Has there ever been a popular referee in the history of football?
Ok, maybe the retired Pierluigi Collina is the exception to the rule.
But other than the legendary Italian, football fans have very little respect for referees.
No matter who you support, you always think that certain refs are biased against your favourite side despite them having no allegiances whatsoever.
When an official first joins the Premier League they “must declare who they support and their backgrounds are routinely checked, including addresses, by the Professional Game Match Officials Limited (PGMOL) to prevent any bias.”
So when the Premier League announced that Manchester-born official Anthony Taylor will take charge of the Manchester derby on Sunday, it caused a massive stir.
Taylor was born in Wythenshawe, just six miles from Old Trafford and his family are believed to be season ticket holders at Manchester United.
However, Taylor has insisted he is an Altrincham FC fan, rather than a United fan.
That enables him to be able to Man Utd matches.
But it’s a story than some football fans simply don’t believe - especially Man City supporters - and they believe that Taylor has allegiances to Man Utd.

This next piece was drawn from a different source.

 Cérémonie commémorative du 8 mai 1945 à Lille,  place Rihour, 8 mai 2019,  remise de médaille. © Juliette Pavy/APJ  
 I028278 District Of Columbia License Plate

FANS ARE CONVINCED TAYLOR IS A MAN UTD FAN
Check out the reaction on social media:
You can’t blame City fans for questioning the appointment but is a top-level Premier League referee really going to risk his job and be biased?
It’s highly unlikely.
But the appointment does seem odd, especially considering what Keith Hackett said last year.
"At the beginning of every season the referees' background information is audited," said Hackett, the former head of PGMOL.
"They complete a form that includes who they support, the history of if they've played the game and with the addresses where they are residing.
"That gives you a picture that comes into use when you're appointing. It's about ensuring, for example, you wouldn't appoint a Sheffield-based ref for a Sheffield team."
Let’s just hope we’ll all be talking about the pulsating Manchester derby come Sunday evening, rather than the officiating.